■ **PROVIDED DATA**:
::::::::::
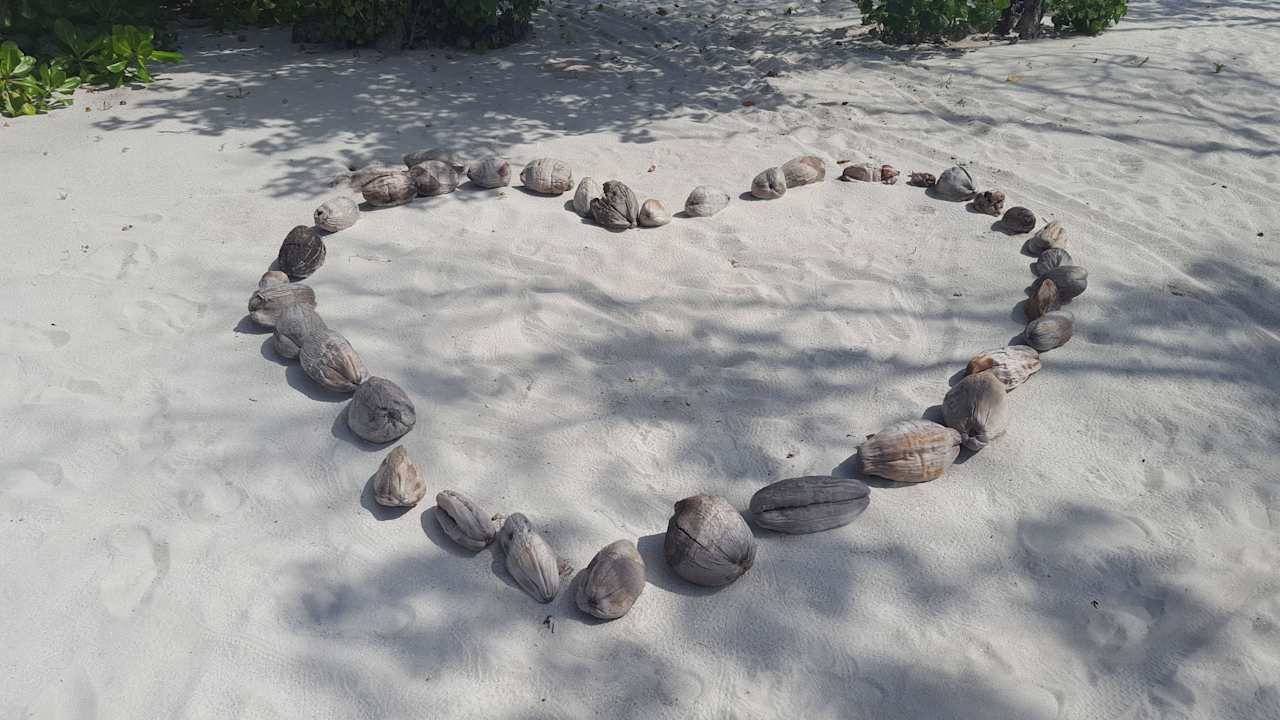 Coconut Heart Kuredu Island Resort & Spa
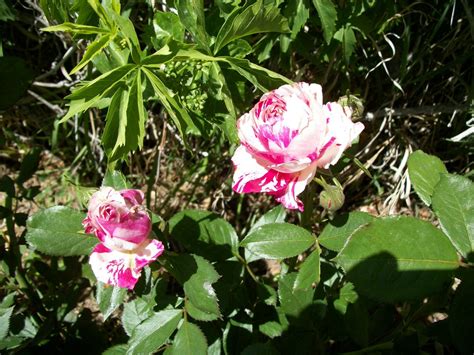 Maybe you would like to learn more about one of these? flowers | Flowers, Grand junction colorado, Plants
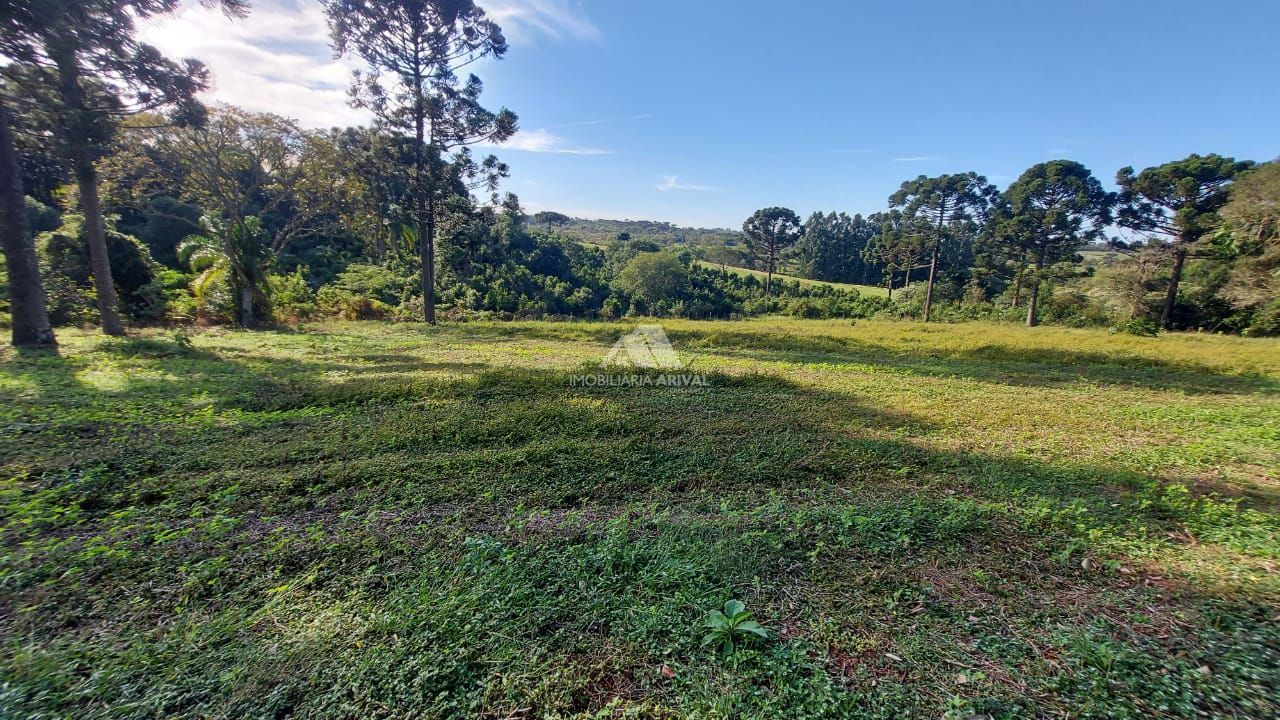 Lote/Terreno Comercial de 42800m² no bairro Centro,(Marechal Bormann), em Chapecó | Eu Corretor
::::::::::
■ **WHAT TO DO**: The required response consists solely of the lines from the line containing "Maybe you would" through the end of the listing, both ends included, copied exactly without pictures.

■ **ANSWER BELOW**:
 Maybe you would like to learn more about one of these? flowers | Flowers, Grand junction colorado, Plants
 Lote/Terreno Comercial de 42800m² no bairro Centro,(Marechal Bormann), em Chapecó | Eu Corretor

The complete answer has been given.